§ Problem details
Line by line, transcribe all of the entries exactly.

··· Data under study ···

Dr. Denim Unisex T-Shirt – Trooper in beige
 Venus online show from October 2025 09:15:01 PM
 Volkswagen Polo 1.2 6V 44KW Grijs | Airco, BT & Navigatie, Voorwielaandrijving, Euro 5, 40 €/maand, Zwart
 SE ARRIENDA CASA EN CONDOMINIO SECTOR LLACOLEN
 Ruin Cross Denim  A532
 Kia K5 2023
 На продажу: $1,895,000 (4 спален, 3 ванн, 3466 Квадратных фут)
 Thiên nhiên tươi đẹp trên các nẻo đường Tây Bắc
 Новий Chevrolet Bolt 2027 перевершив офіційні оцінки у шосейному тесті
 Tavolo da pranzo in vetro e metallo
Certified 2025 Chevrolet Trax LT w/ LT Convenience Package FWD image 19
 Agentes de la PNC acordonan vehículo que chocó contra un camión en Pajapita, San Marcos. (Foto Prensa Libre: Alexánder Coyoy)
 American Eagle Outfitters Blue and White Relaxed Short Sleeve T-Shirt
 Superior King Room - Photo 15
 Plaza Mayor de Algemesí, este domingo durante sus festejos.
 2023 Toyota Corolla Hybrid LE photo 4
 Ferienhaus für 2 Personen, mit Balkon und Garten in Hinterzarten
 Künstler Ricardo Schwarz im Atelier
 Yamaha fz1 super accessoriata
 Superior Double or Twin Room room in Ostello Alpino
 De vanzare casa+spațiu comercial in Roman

···

§ Exercise output
Dr. Denim Unisex T-Shirt – Trooper in beige
 Venus online show from October 2025 09:15:01 PM
 Volkswagen Polo 1.2 6V 44KW Grijs | Airco, BT & Navigatie, Voorwielaandrijving, Euro 5, 40 €/maand, Zwart
 SE ARRIENDA CASA EN CONDOMINIO SECTOR LLACOLEN
 Ruin Cross Denim  A532
 Kia K5 2023
 На продажу: $1,895,000 (4 спален, 3 ванн, 3466 Квадратных фут)
 Thiên nhiên tươi đẹp trên các nẻo đường Tây Bắc
 Новий Chevrolet Bolt 2027 перевершив офіційні оцінки у шосейному тесті
 Tavolo da pranzo in vetro e metallo
Certified 2025 Chevrolet Trax LT w/ LT Convenience Package FWD image 19
 Agentes de la PNC acordonan vehículo que chocó contra un camión en Pajapita, San Marcos. (Foto Prensa Libre: Alexánder Coyoy)
 American Eagle Outfitters Blue and White Relaxed Short Sleeve T-Shirt
 Superior King Room - Photo 15
 Plaza Mayor de Algemesí, este domingo durante sus festejos.
 2023 Toyota Corolla Hybrid LE photo 4
 Ferienhaus für 2 Personen, mit Balkon und Garten in Hinterzarten
 Künstler Ricardo Schwarz im Atelier
 Yamaha fz1 super accessoriata
 Superior Double or Twin Room room in Ostello Alpino
 De vanzare casa+spațiu comercial in Roman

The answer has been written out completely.